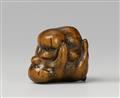 A boxwood netsuke of two playing puppies, by Masakatsu. Second half 19th century - image-1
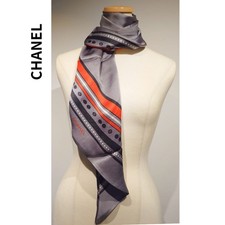 CHANEL Parallelogram Scarf/stole with Coco Mark 100 Silk Gray 119x37.5cm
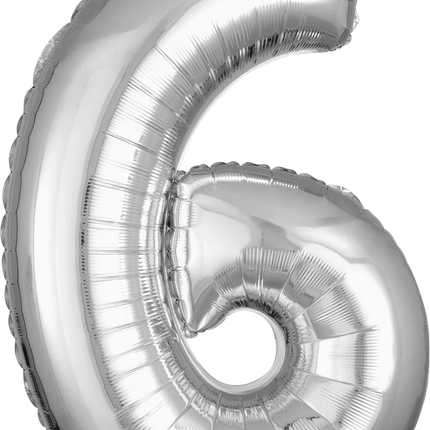 Anagram - 26" Number '6' Mylar Balloon - Silver - SKU:88600 - UPC:026635319607 - Party Expo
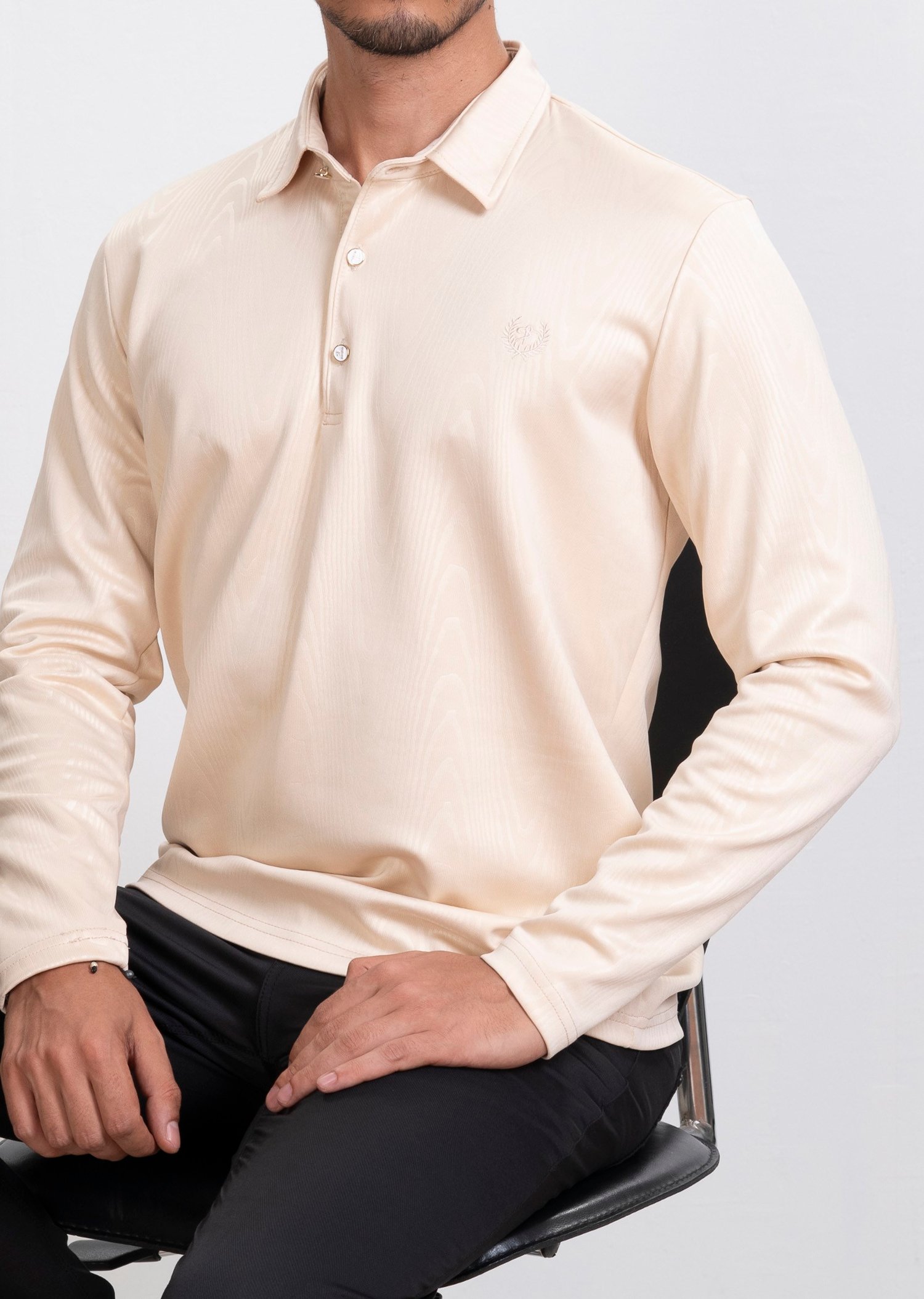 Dokulu Polo Yaka Bej Sweatshirt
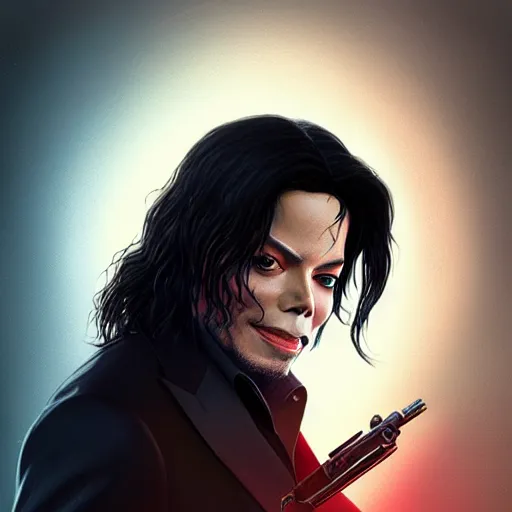 Image similar to Michael Jackson as John Wick, western, D&D, fantasy, intricate, elegant, highly detailed, digital painting, artstation, concept art, matte, sharp focus, illustration, art by Artgerm and Greg Rutkowski and Alphonse Mucha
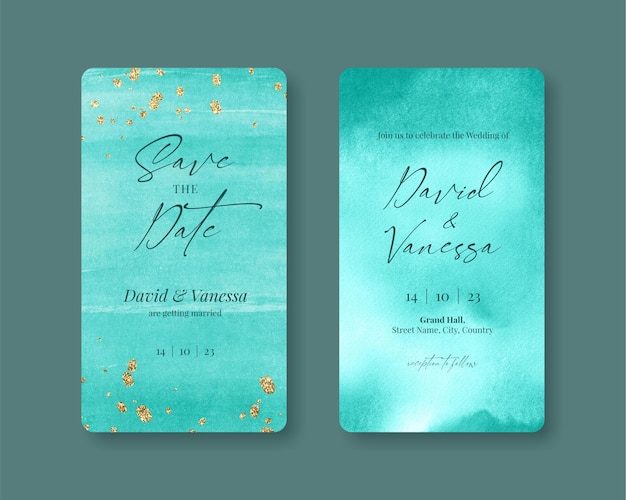 PSD teal instagram story wedding card template design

#####

The lines from the start of the records above through the line that holds "Dokulu Polo Yaka Bej Sweatshirt" are to be copied exactly, both ends included, and no pictures are to be copied.

 A boxwood netsuke of two playing puppies, by Masakatsu. Second half 19th century - image-1
 CHANEL Parallelogram Scarf/stole with Coco Mark 100 Silk Gray 119x37.5cm
 Anagram - 26" Number '6' Mylar Balloon - Silver - SKU:88600 - UPC:026635319607 - Party Expo
 Dokulu Polo Yaka Bej Sweatshirt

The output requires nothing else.